# Always a black screen at boot.



## hyrundo (Nov 26, 2021)

*ALWAYS A BLACK SCREEN AT REBOOT*

_*I followed Scribner's "Instructions for Installing KDE on FreeBSD (Rough Draft #5)": *up to step (10) at this __link to the post on this same thread_

*ISSUE*_*:  *_FreeBSD 13.0 reboots in '_multi-user mode'_ to a *black screen* after having installed _drm-kmod_ + _xorg_ packages via _pkg_
*SYSTEM IN USE:* Notebook HP Elitebook  840 G8 with CPU: TigerLake 11th Intel i5-1135G7 2.4 GhZ
*GOAL: *trying to install LXDE desktop environment
*PROCEDURE:
(–)* installed 'Freebsd 13.0 STABLE' from USB
*(–)* when creating a user, it was added to both '_wheel_' and '_video_' groups
*(–)* rebooted as _multi-user _with the created user
*(–)* turned to _su _mode
*(–)* installed _drm-kmod_ and _Xorg_ via the _pkg_
*(–)* using the _sysrc_ configuration tool I added the lines _kld_list="i915kms.ko"_ and _sysrc dbus_enable="YES"_ to the _rc.conf_ file
*(–) *added the following line to the _/etc/sysctl.conf _(as suggested from the message after Xorg installation)
_$ kern.evdev.rcpt_mask=3_
*(–) *I didn't create any_ xorg.conf _file, because that seems to be not necessary, as suggested elsewhere here in the forums
*(–) *rebooted the system - from _su _mode to _multi-user _mode with:
_  $ shutdown -r now_
*(–) *inevitably, the system reboots to a* full black screen
(–) *tried a bunch of times to reinstall the whole OS shebang from the USB and tried slight variants of the step-by-step procedure, but to no avail.

*SOLUTION?
(-)* I read in some posts here on the FreeBSD forums that by re-installing the
_drm-kmod_ via the _ports system_ instead of the _pkg_ might solve the issue.
Nevertheless:
*(-)* on the FreeBSD manual - on the chapter relating to Xorg installation - it is
explicitly suggested not to mix pkg and ports installations on the same system.

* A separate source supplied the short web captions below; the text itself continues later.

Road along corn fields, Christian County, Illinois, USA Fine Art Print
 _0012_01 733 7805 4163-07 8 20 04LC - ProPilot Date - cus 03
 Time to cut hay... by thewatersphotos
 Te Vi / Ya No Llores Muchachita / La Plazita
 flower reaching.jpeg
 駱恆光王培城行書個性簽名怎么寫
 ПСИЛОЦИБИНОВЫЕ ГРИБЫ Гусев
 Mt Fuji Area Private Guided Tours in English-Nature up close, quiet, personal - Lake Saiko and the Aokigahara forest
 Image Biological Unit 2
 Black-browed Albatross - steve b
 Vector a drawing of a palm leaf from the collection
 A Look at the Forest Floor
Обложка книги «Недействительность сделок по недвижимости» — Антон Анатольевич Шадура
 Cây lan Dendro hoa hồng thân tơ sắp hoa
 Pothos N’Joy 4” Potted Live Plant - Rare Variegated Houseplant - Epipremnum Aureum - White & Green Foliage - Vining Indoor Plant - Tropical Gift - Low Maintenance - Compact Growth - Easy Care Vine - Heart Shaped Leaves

Read the warning on the '_4.5 Using the Ports Collection_' at the following:
[LINK] https://docs.freebsd.org/en/books/handbook/ports/#ports-using

Any useful hints?

(thank you in advance)


----------



## SirDice (Nov 26, 2021)

`cat /var/log/Xorg.0.log | nc termbin.com 9999`

And you may indeed need to recompile graphics/drm-fbsd13-kmod from ports. 13-STABLE has a few changes which aren't in 13.0-RELEASE. On 13-STABLE you might want to try graphics/drm-devel-kmod.


----------



## Alexander88207 (Nov 26, 2021)

SirDice said:


> On 13-STABLE you might want to try graphics/drm-devel-kmod.



Even the pkg-descr says the following?



> This version is the development version and only works on FreeBSD CURRENT.


----------



## Yampress (Nov 26, 2021)

Did you install* xf86-video-intel* package?

then, you have to configure it


----------



## grahamperrin@ (Nov 27, 2021)

SirDice is correct.



Alexander88207 said:


> Even the pkg-descr says the following?



FreeBSD bug 260074 – graphics/drm-devel-kmod package description does not express compatibility with stable/13



hyrundo said:


> _kld_list="i915kms.ko"_



`.ko` is superfluous.

Note what was recommended in the package message.



> reboots to a* full black screen*



What things are visible between the time of power on, and blackness?

_Full_ as in, without a cursor (blinking or non-blinking) at top left, and without a pointer that moves in response to the trackpad?

Is there a response to Control-Alt-F2? Hint: in this situation, use the integral keyboard, not a peripheral.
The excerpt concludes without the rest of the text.